### SUPPLIED INFORMATION ###

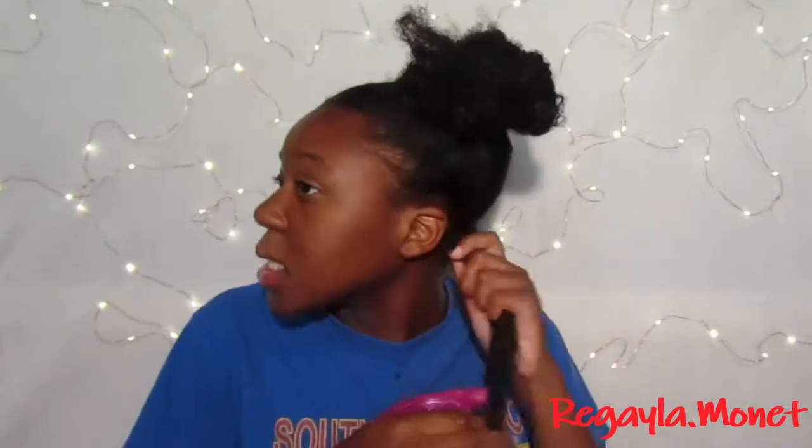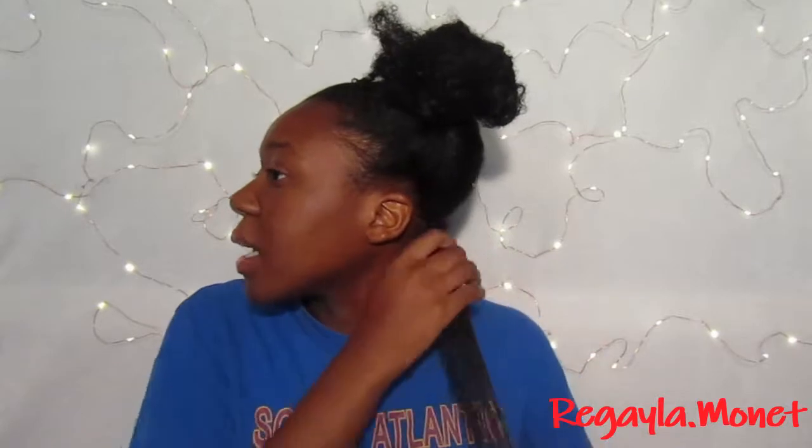My hair has been in a bun for almost a week, so there is going to be some shedding — hair is just going to be coming out when you're pulling it. Just ball that up, get it off your fingers, and set it to the side. If your hair gets too dry, you can spray it again and keep working through. Working in small sections is going to be better than mid-sections — it may take longer but you'll get a better detangle with less fighting.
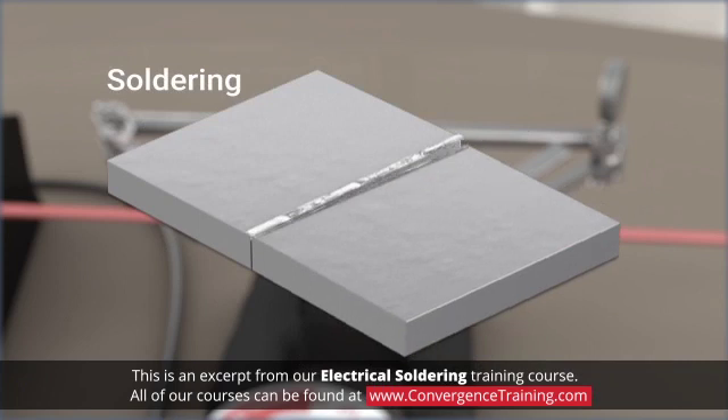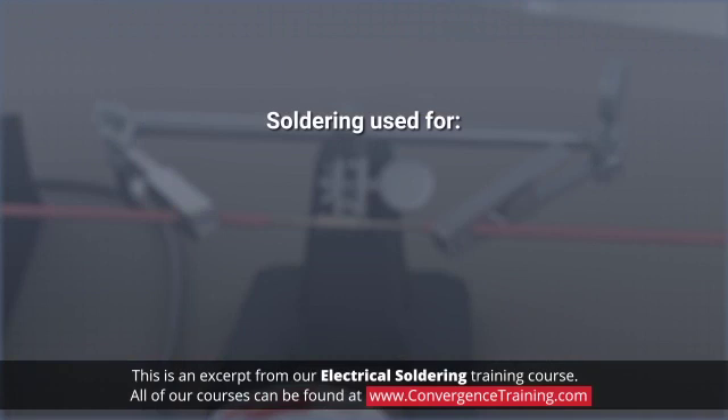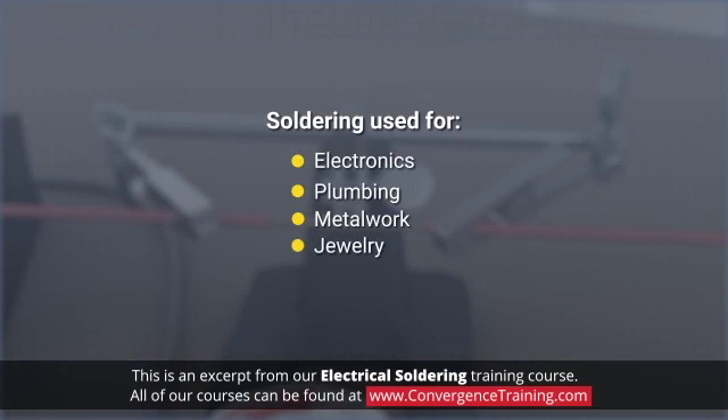A soldered connection is not as strong as a welded connection, but it does create a bond which is electrically conductive and is gas and water tight. Soldering is commonly used in electronics, plumbing, certain types of metalwork, and jewelry. This module will focus primarily on soldering as applied to electronics.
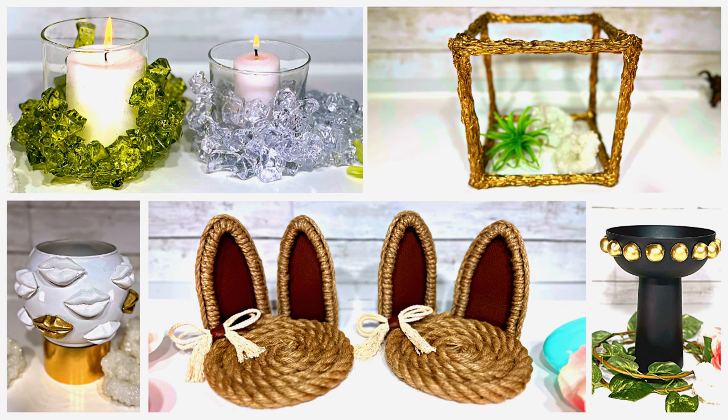Welcome to Medicated Housewife DIY. In today's DIY video, must try now, Dollar Tree Spring Decor Ideas — new, easy, and budget-friendly DIYs.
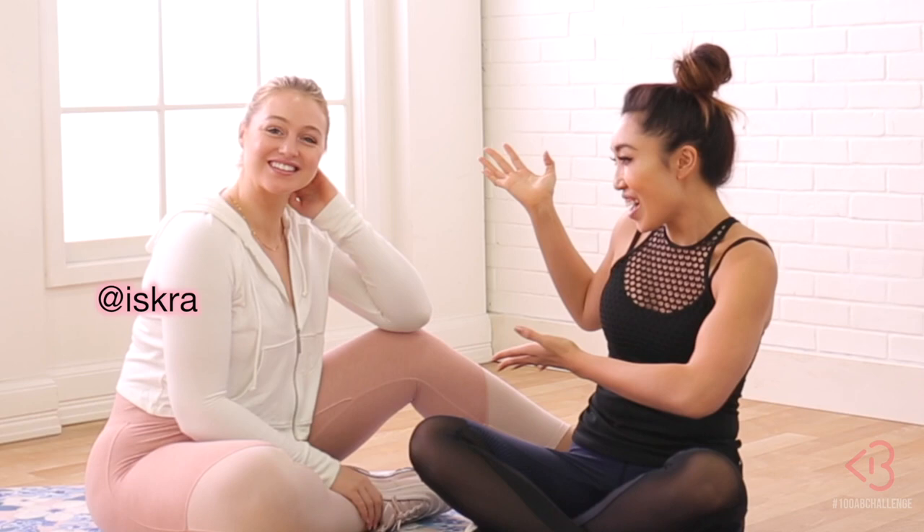Hey you guys, it is day two of the 100 Ab Challenge. I'm here with Iskra! Hi everyone! Who apparently is already just modeling by sitting here. I can't help it!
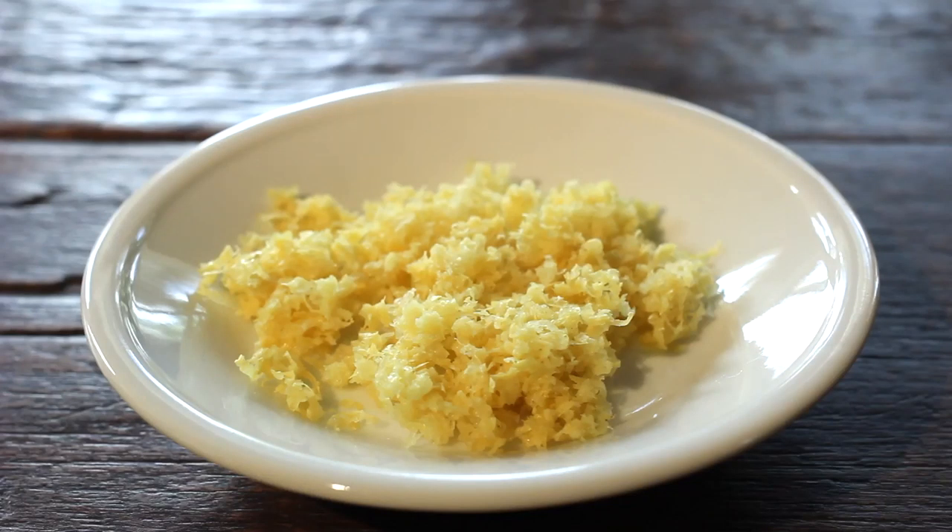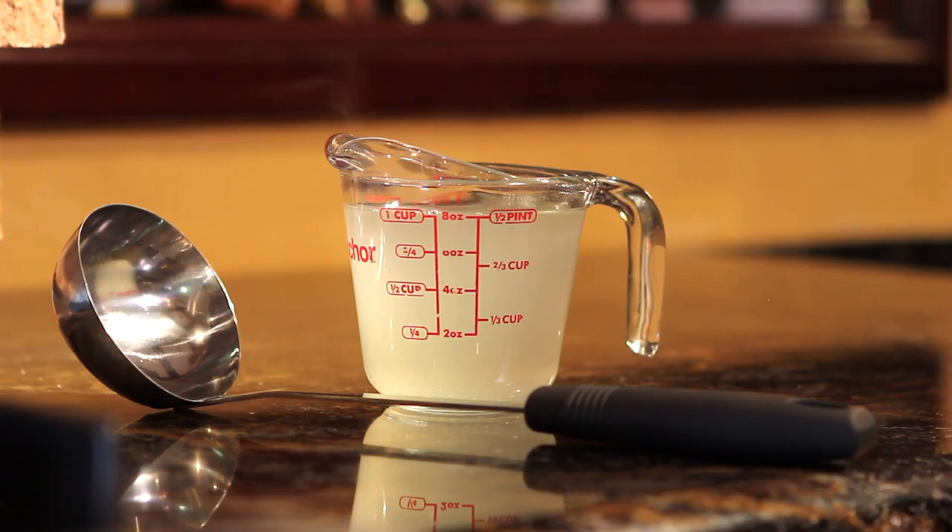A mesh strainer is helpful to get pasta from pot to saucepan, and having a ladle on hand makes it easy to add pasta water to sauce.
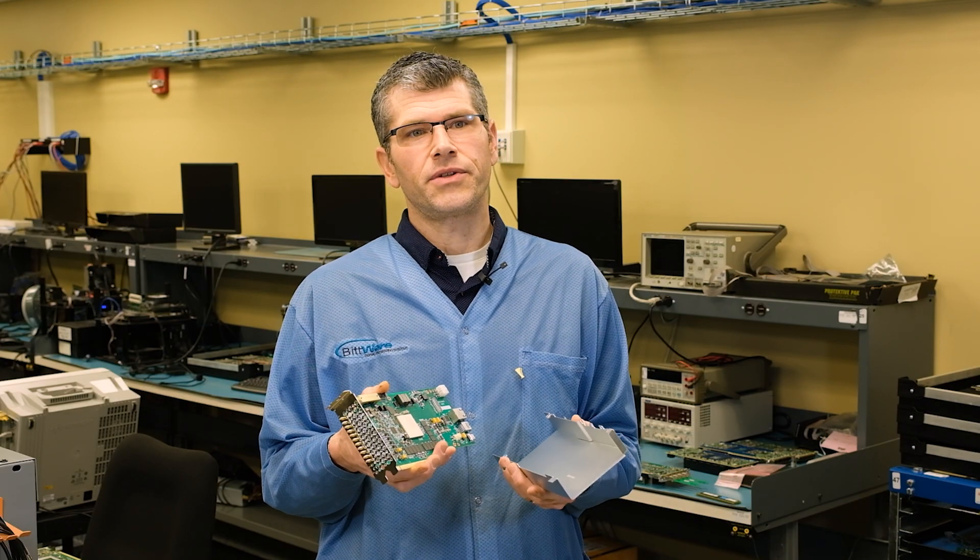Let's talk about the digital domain. It's worth pointing out here that the hardware employs sophisticated clock management and control circuitry for single and multi-card synchronization.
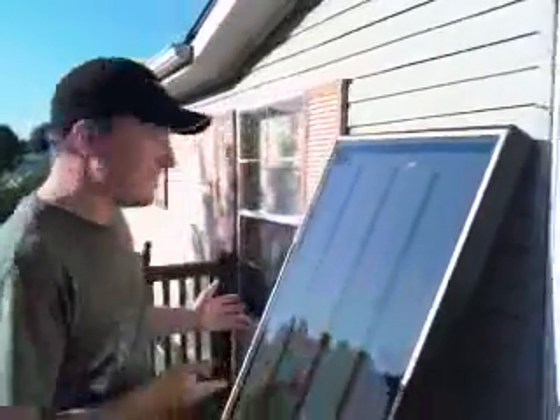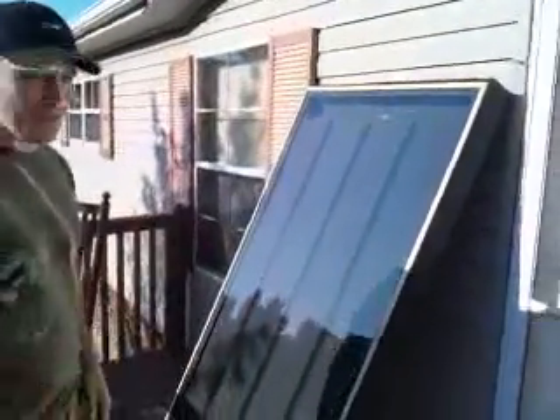Hey, it's me, JB0805, and I would like to show you my solar furnace. I built this solar furnace — it took me a day, really. I'd like to give credit to Modern Blacksmith on YouTube. It's his idea, basically his plan that I followed, with just a few small minor details that I changed.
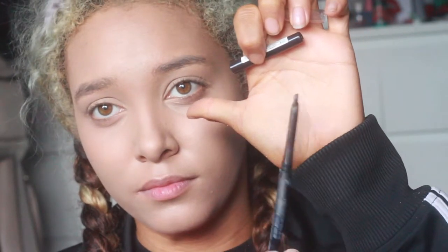Next we go with the eyebrow pencil. I'm a pencil kind of person, so just brush out the brows and fill them in.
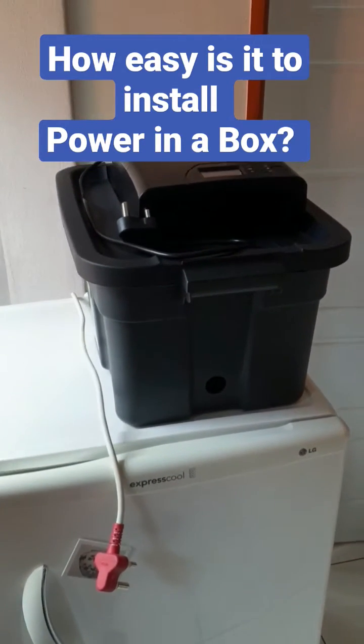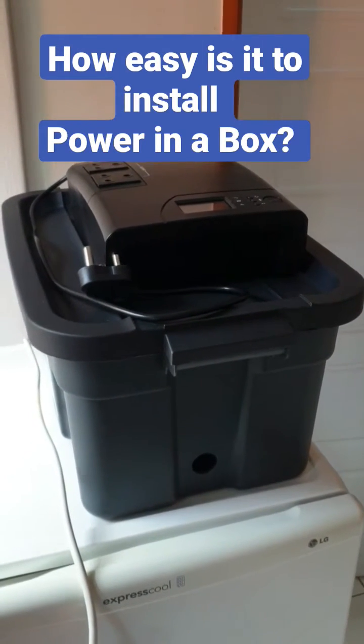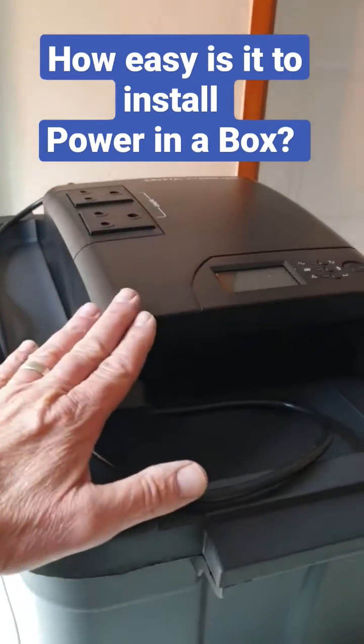If you've received your Power in the Box couriered to your doorstep, I recommend you watch the unboxing of the Power in the Box video — I'll leave a link in the comments — which shows you how to simply attach your UPS unit to your battery.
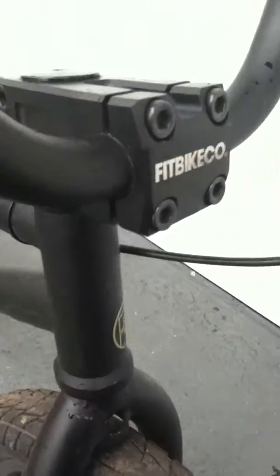The stem is stock but I really like it. If you look at it, it's got an integrated headset with a cutout right there in the front. Really nice hubs — I like them.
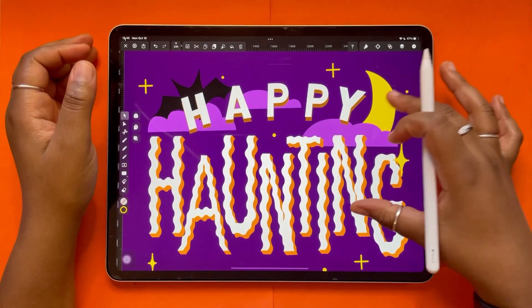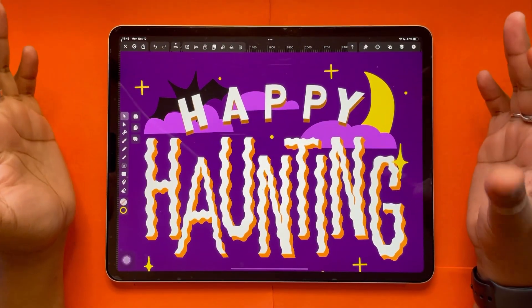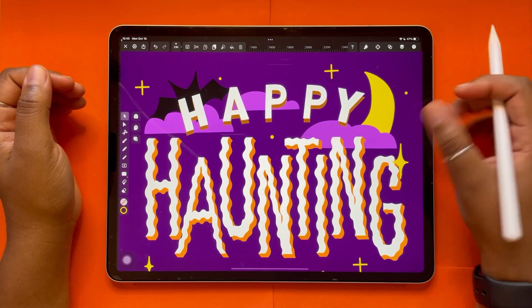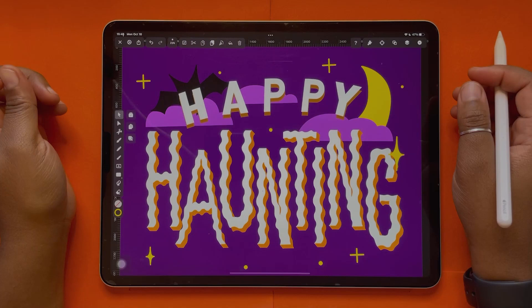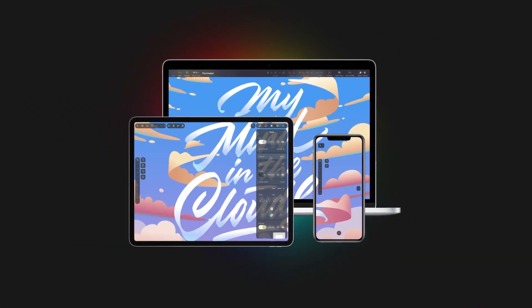And there you go — our final artwork made in Vectornator. Hopefully you enjoyed this video and learned something new. Be sure to give it a like and subscribe to the Vectornator channel for more videos on how to use this amazing program.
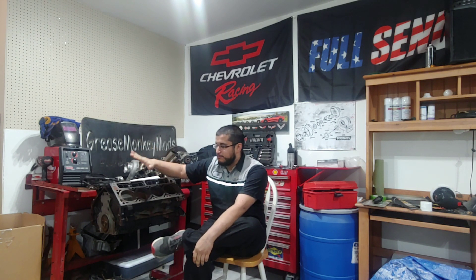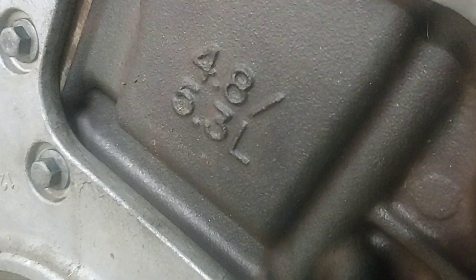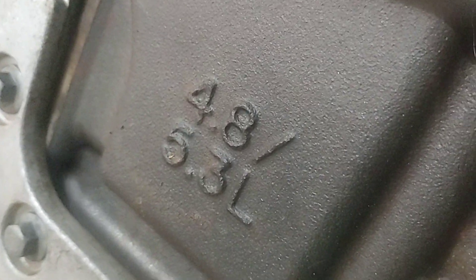Today's video is about how you can identify if you have a 4.8 or a 5.3 engine. It can be kind of confusing because the block is stamped the same — since they share the same block, it can be really hard to separate the two and know what you have.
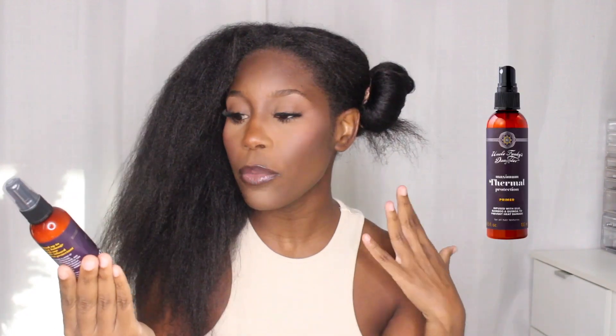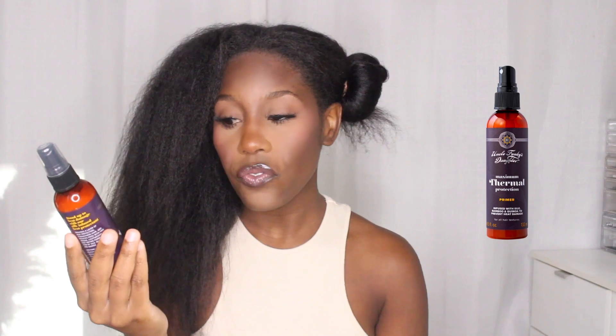First I'm going to go in with my primer. This is the Maximum Thermal Protection line, and this is the primer. It's infused with silk, bamboo, and quinoa to prevent heat damage, and it is for all textures. We're just going to shake this really good and then spray this generously all over this section.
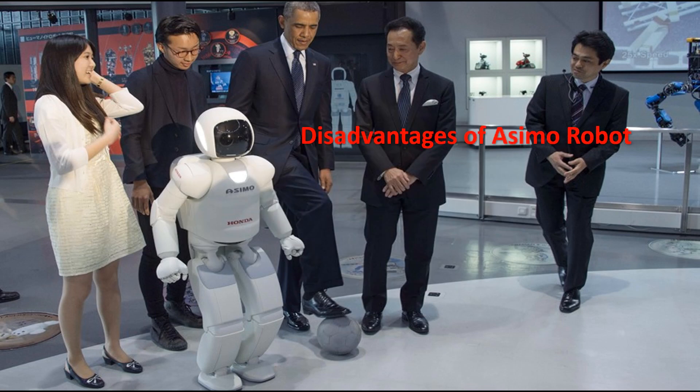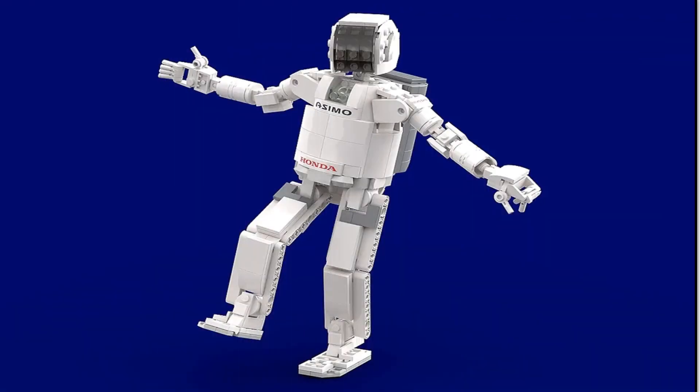Disadvantages of Osimo Robot. Osimo has to be charged. It is not fast, it is small, it costs a lot of people their jobs, and it is costly to construct on your own. Osimo's functioning can become haywire if left without routine servicing and proper monitoring, which can cause destruction and injuries.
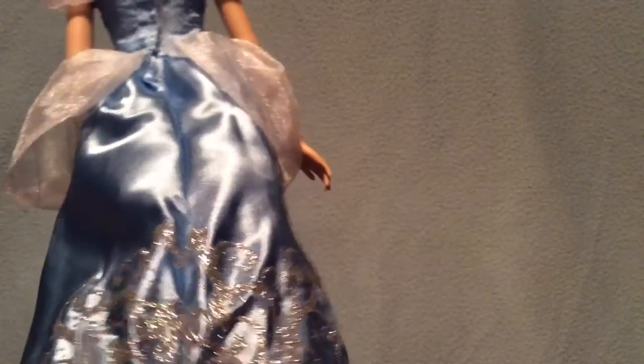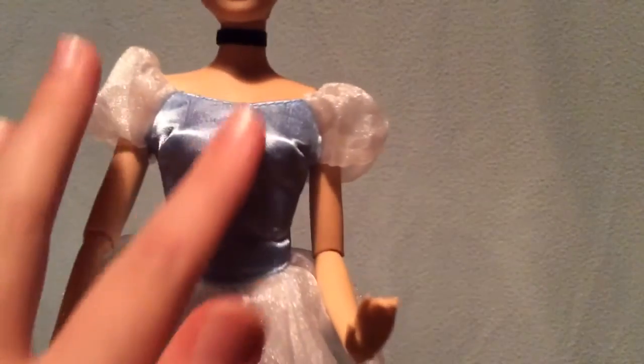Her dress is really nice — it's got these sequins and silver glitter everywhere. I love how the Disney Store dolls have a little detail in the back too, unlike many other dolls that just stop halfway with a different fabric. She's got a really nice, simple top and these really nice sheer transparent little puffs on the sleeves. She has a really nice necklace which seems to be sewn on — it doesn't appear to have velcro.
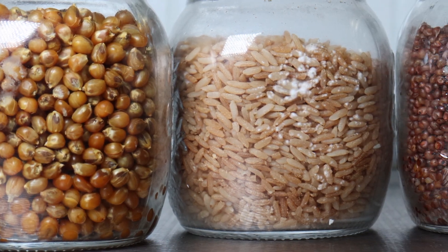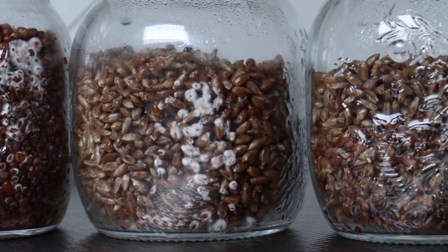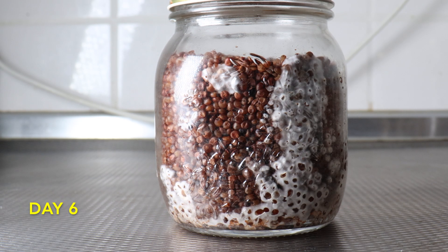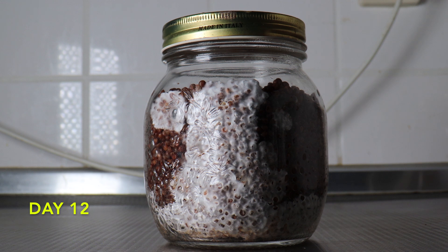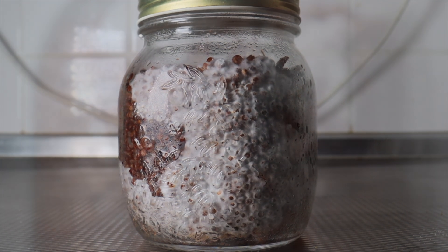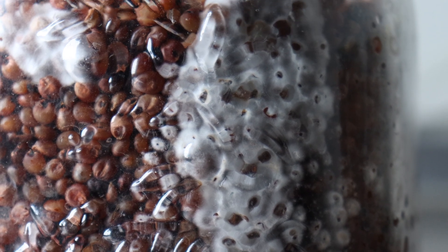And here we are, two days after inoculation and things are already starting to happen. Fantastic. So this is day two. Day six. Day nine. And here's day number 12. Progressing quite nicely. And 15 days. We can see it's colonising pretty fast. That mycelium seems to enjoy this sorghum. Some nice strong growth there.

###

Extract only the lines from the one that contains "The stem is" through the end of the records, inclusive, and omit every picture.

The stem is stock but I really like it. If you look at it, it's got an integrated headset with a cutout right there in the front. Really nice hubs — I like them.
And there you go — our final artwork made in Vectornator. Hopefully you enjoyed this video and learned something new. Be sure to give it a like and subscribe to the Vectornator channel for more videos on how to use this amazing program.
Today's video is about how you can identify if you have a 4.8 or a 5.3 engine. It can be kind of confusing because the block is stamped the same — since they share the same block, it can be really hard to separate the two and know what you have.
First I'm going to go in with my primer. This is the Maximum Thermal Protection line, and this is the primer. It's infused with silk, bamboo, and quinoa to prevent heat damage, and it is for all textures. We're just going to shake this really good and then spray this generously all over this section.
Disadvantages of Osimo Robot. Osimo has to be charged. It is not fast, it is small, it costs a lot of people their jobs, and it is costly to construct on your own. Osimo's functioning can become haywire if left without routine servicing and proper monitoring, which can cause destruction and injuries.
Her dress is really nice — it's got these sequins and silver glitter everywhere. I love how the Disney Store dolls have a little detail in the back too, unlike many other dolls that just stop halfway with a different fabric. She's got a really nice, simple top and these really nice sheer transparent little puffs on the sleeves. She has a really nice necklace which seems to be sewn on — it doesn't appear to have velcro.
And here we are, two days after inoculation and things are already starting to happen. Fantastic. So this is day two. Day six. Day nine. And here's day number 12. Progressing quite nicely. And 15 days. We can see it's colonising pretty fast. That mycelium seems to enjoy this sorghum. Some nice strong growth there.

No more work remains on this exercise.